# Age of mouse?



## Number1Sticky (Oct 25, 2010)

It may seem like a strange question, but I was wondering if there is a way to tell the age (estimated) of a mouse?

I got 5 mice from a breeder a month of so ago. The breeder had rescued the mom (already pregnant) from becoming snack food at a pet store. So I'm just wondering if there is anyway I can tell how old momma is.

Thanks!!!


----------



## MojoMouse (Apr 20, 2012)

The easiest way is to ask the breeder who rescued the pregnant mother. Even if no records were kept, even an approximation should be possible. Only young and sometimes elderly mice can give indications of approximate age from physical characteristics.


----------



## Number1Sticky (Oct 25, 2010)

MojoMouse said:


> The easiest way is to ask the breeder who rescued the pregnant mother. Even if no records were kept, even an approximation should be possible. Only young and sometimes elderly mice can give indications of approximate age from physical characteristics.

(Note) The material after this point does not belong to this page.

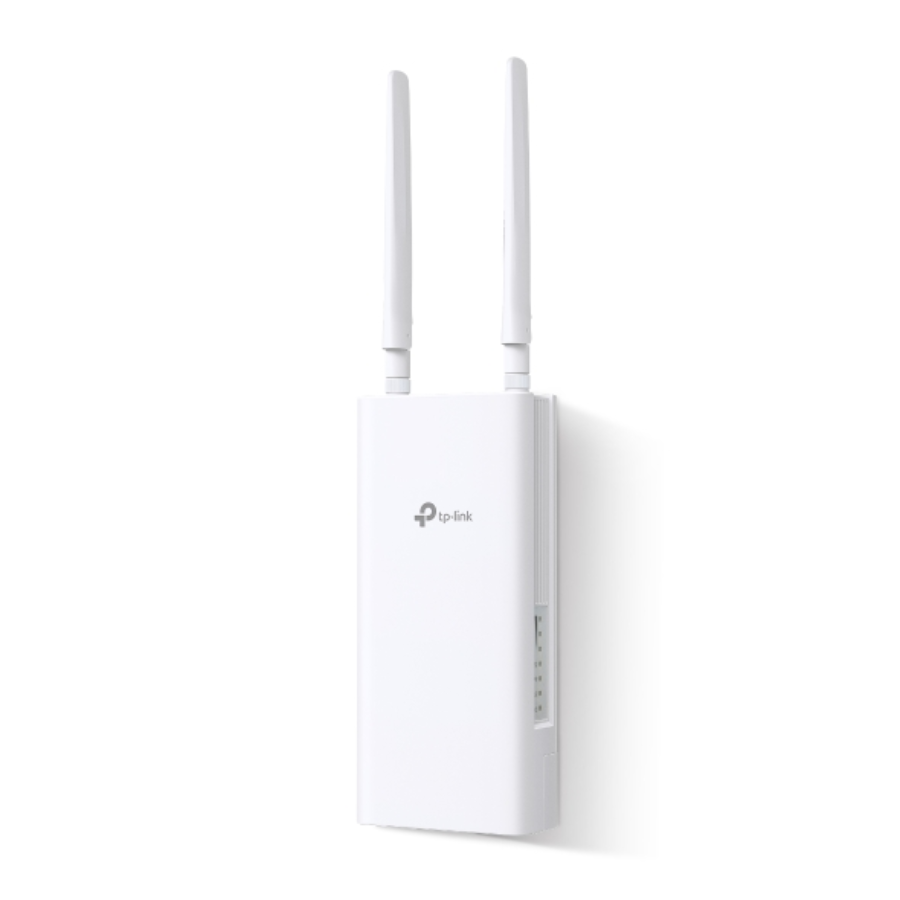 TP-Link TL-MR100 Outdoor 300 Mbps Wireless N 4G LTE Router - Weatherproof IP65, High-Gain Antennas, and Flexible Powering options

I did ask her and she had no idea because she was a rescue. :/ She only had her about 2 months.


----------



## MojoMouse (Apr 20, 2012)

Ok, I misread and thought you meant the babies. Could you post a pic of the mother that you want the age identified? I'm not sure this would help a lot, though it may if she's very young or very old. Breeding capability isn't much of a guide as does can breed for most of their adult life. Good breeders don't overbreed though because it takes too much of a toll, and the offspring of an overbred mouse can be poor.


----------